Results from the first study demonstrated participants with CAI had worse regional HRQoL compared to healthy-controls as evidenced by the lower Foot and Ankle Disability Index scores. Likewise, participants with CAI reported having worse overall physical function and pain interference during activity compared to healthy-controls. There was no significant interaction for Injury (CAI and healthy-control) and Age group (young, middle, and old) for any dependent variable. In the second, it was determined that static and dynamic balance, spinal reflex excitability, ankle (dorsiflexion and plantarflexion) and hip extension torque were all lower in the older-aged participants compared to the younger-aged adults. In addition, it was determined that participants with CAI had decreased dorsiflexion range of motion, ankle (dorsiflexion and plantar flexion) and hip extension peak isometric torque compared to the healthy-control group. However, no significant interaction was found for Injury (CAI & healthy-control) and Age (young, middle, old) for any dependent variable. In the third study, there were no differences in spatiotemporal gait parameters between groups (CAI vs. healthy-controls) or age categories.
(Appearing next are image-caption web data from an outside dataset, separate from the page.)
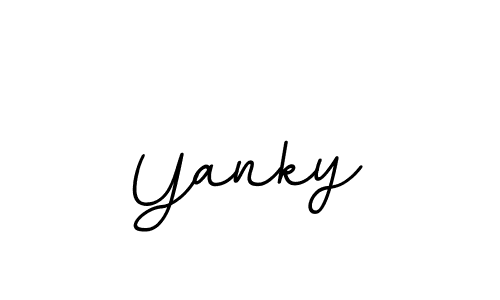if you are searching for the best signature style for your name Yanky. so please give up your signature search. here we have designed multiple signature styles  using BallpointsItalic-DORy9. Yanky signature style 11 images and pictures png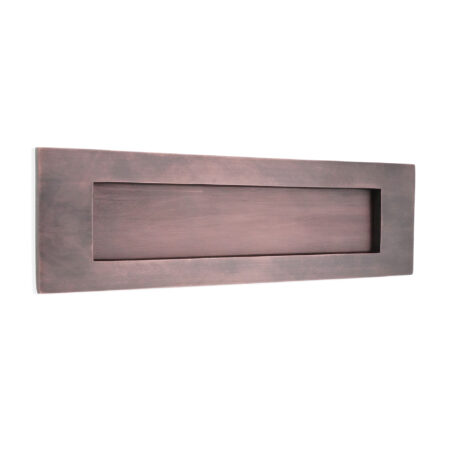 Spira Brass Victorian Letter Plate 250mm Aged Bronze
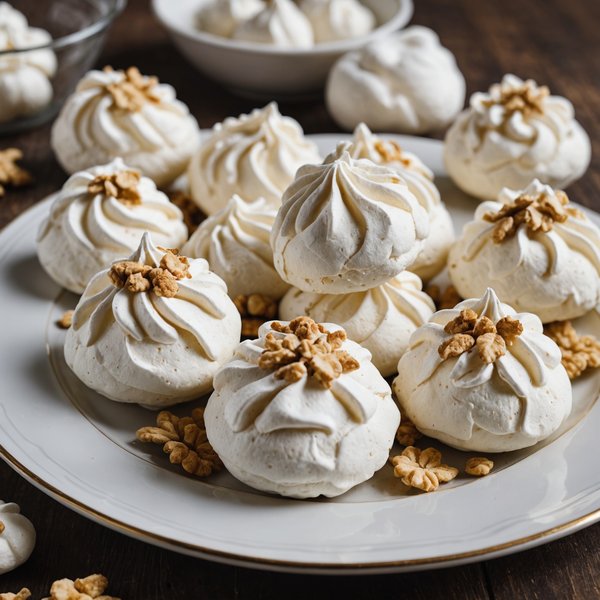Quelle est la recette pour des meringues à la vanille croquantes?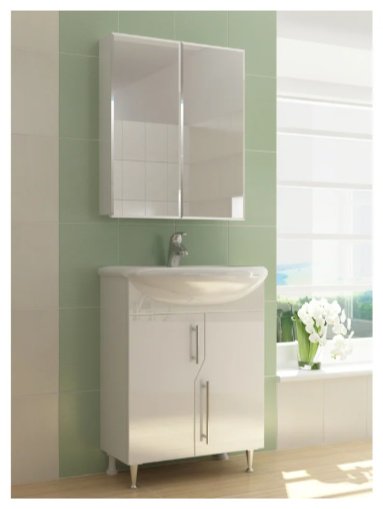 Шкаф зеркальный навесной Kabinka.kz Grand 60x14x71.4см белый купить,NaN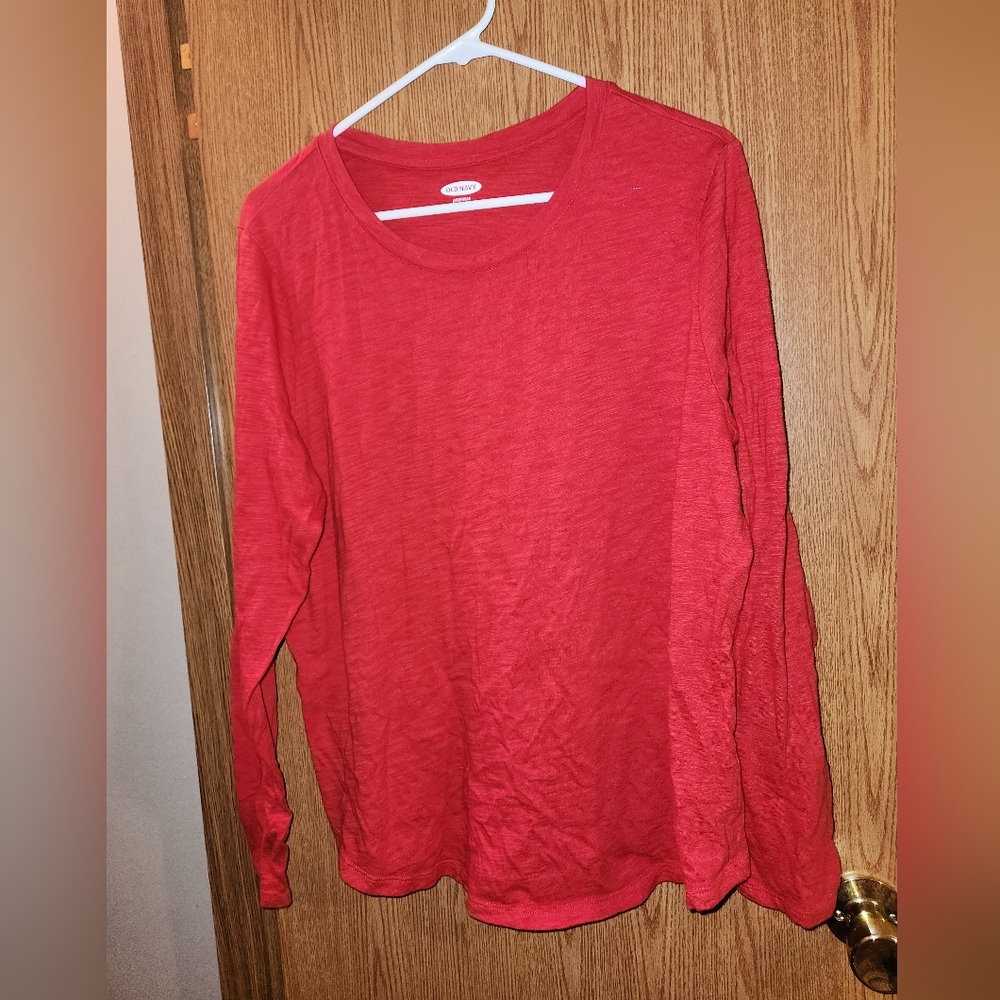 💓3/$15 Old Navy Red Everywear XL Long Sleeve Top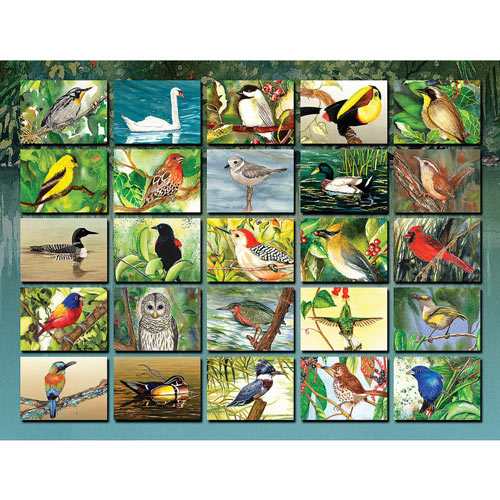 Bountiful Birds 1000 Piece Jigsaw Puzzle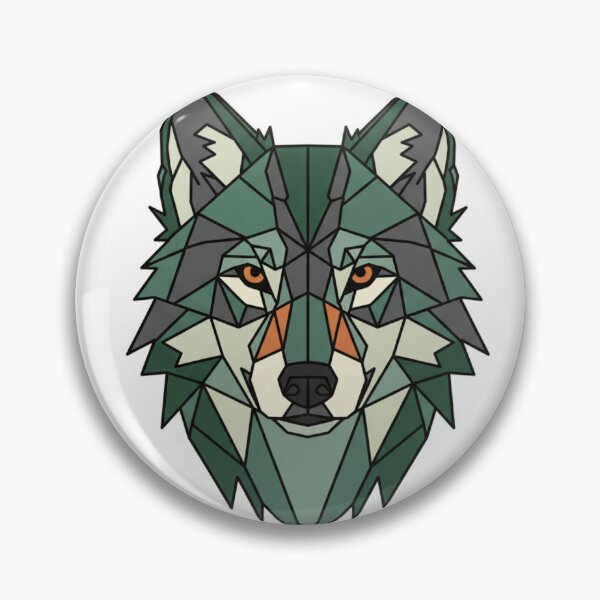 Item preview, Geometric Wolf Head – Low Poly Animal Art designed and sold by jadolina.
It can be concluded from this dissertation that regardless of the age, individuals with CAI have worse region-specific HRQoL, lower overall physical function, greater pain interference, limited dorsiflexion range of motion, and decreased ankle and hip peak isometric torque compared to healthy-controls. Several age-related observations were found including decreased static and dynamic balance, ankle and hip strength, and spinal reflex excitability. Though no relationship was found between CAI and age, several interactions were found to be trending towards significance. Therefore, future work is needed to better understand the consequences of CAI on middle- and older-aged adults.